### WORK TO COMPLETE
Your copy of the entries below should hold exactly the lines from the one containing "Building Photo - 1221 N Dearborn St" to the one containing "MiyaHottie stripchat live cam model", inclusive, and no pictures.

### SOURCE DATA
---+---

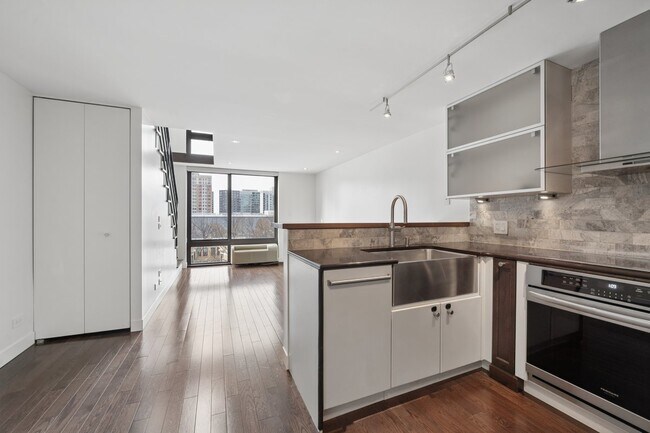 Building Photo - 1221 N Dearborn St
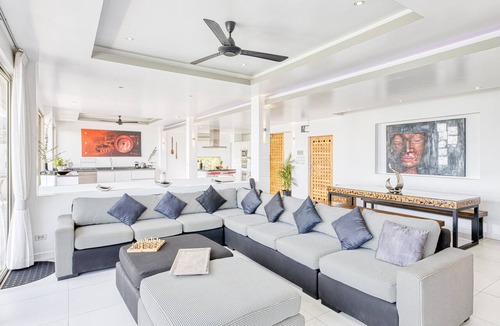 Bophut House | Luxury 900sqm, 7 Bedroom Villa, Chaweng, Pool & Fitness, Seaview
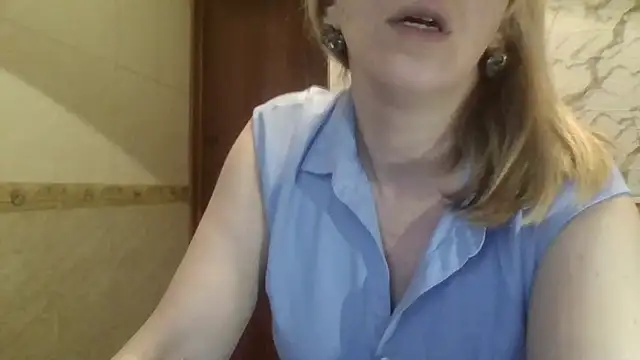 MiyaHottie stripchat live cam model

---+---

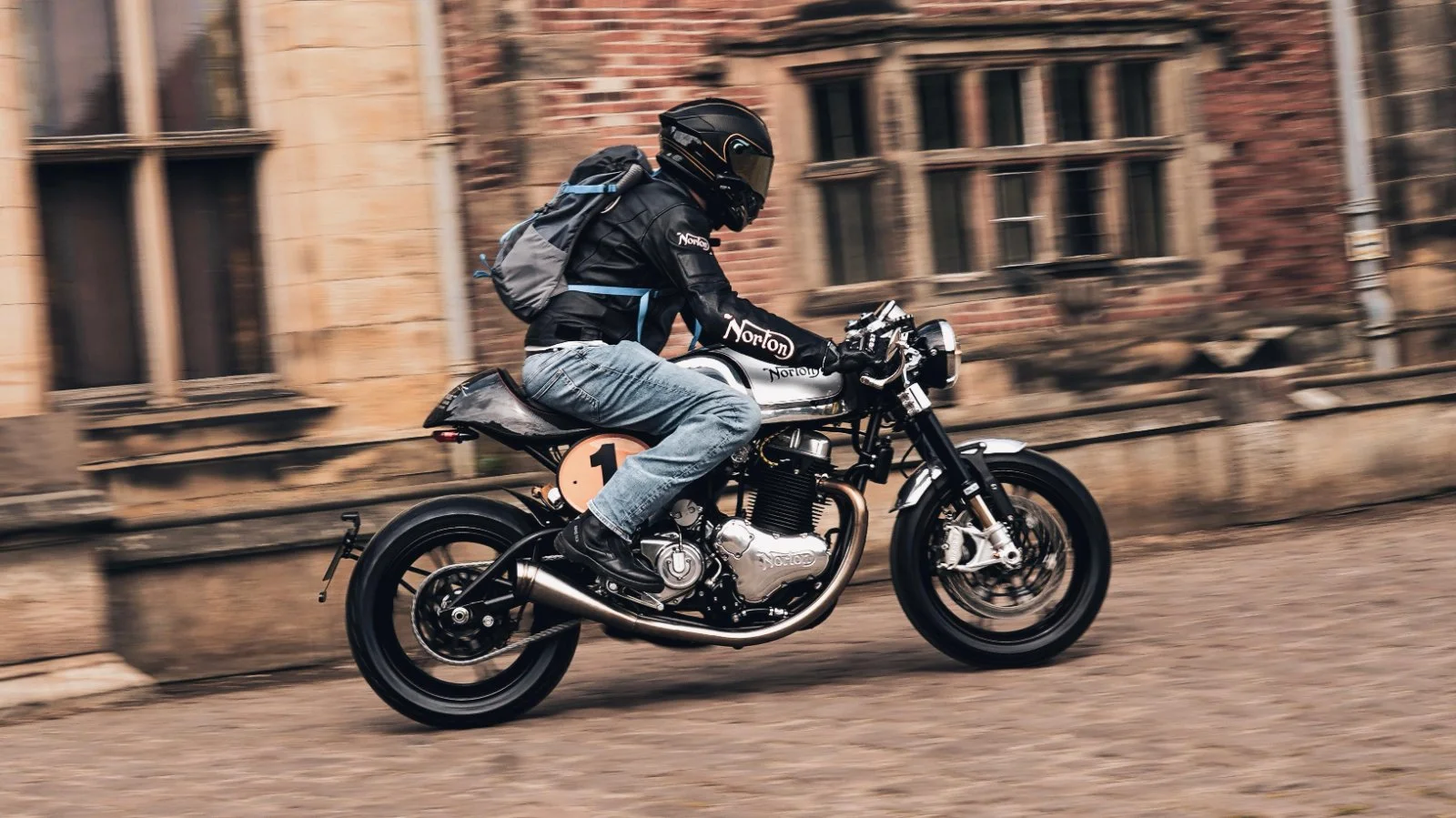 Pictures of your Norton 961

---+---

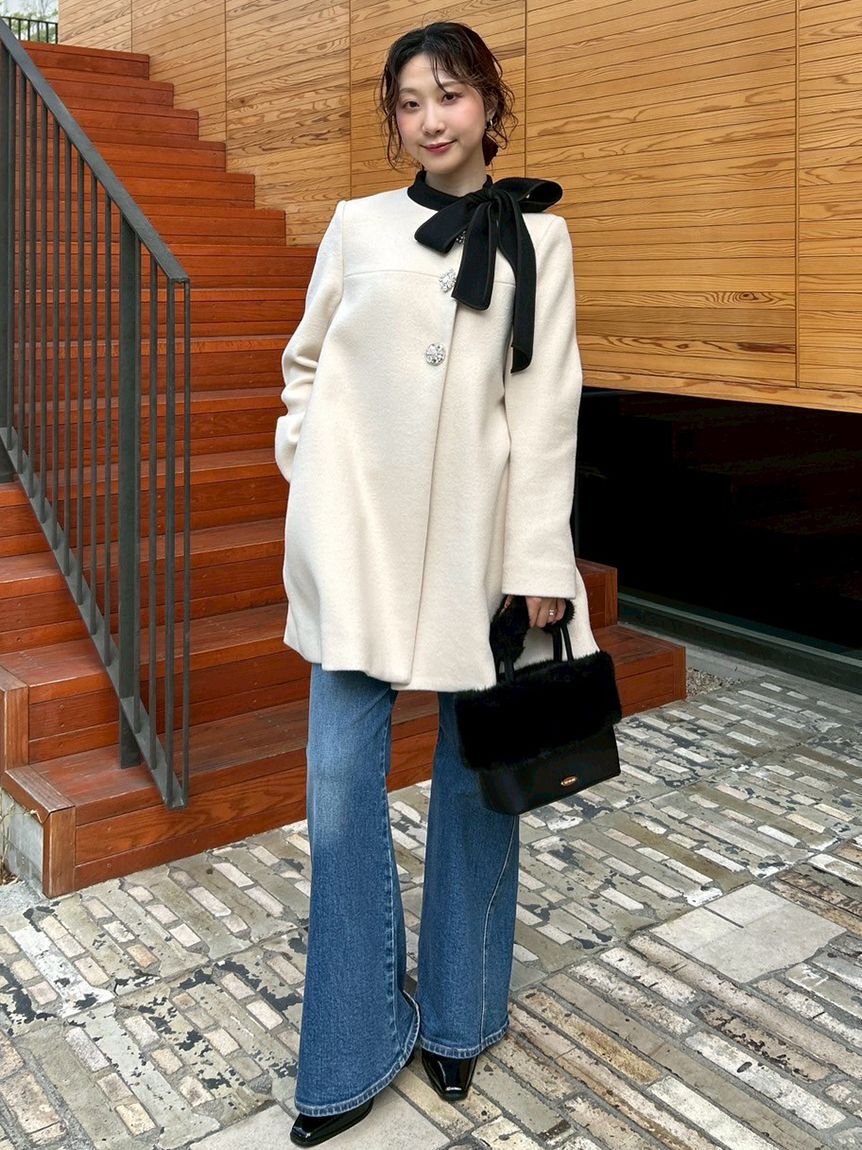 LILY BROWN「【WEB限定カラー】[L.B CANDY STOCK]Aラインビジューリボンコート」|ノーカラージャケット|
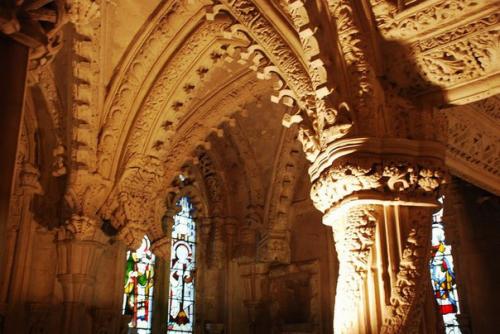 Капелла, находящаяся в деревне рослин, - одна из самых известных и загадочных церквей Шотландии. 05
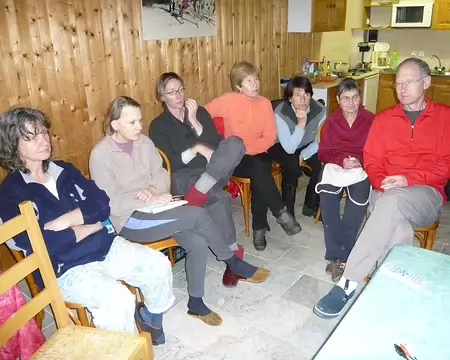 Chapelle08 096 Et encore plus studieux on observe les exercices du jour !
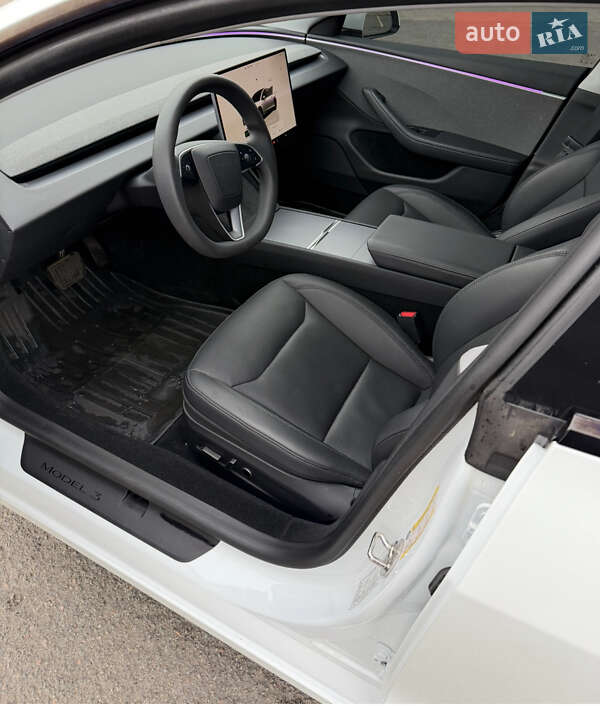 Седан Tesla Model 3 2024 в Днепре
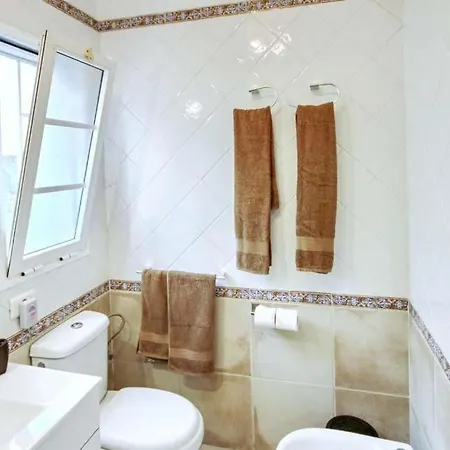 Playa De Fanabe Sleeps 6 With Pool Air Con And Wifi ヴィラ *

---+---

### EXERCISE RESPONSE
 Building Photo - 1221 N Dearborn St
 Bophut House | Luxury 900sqm, 7 Bedroom Villa, Chaweng, Pool & Fitness, Seaview
 MiyaHottie stripchat live cam model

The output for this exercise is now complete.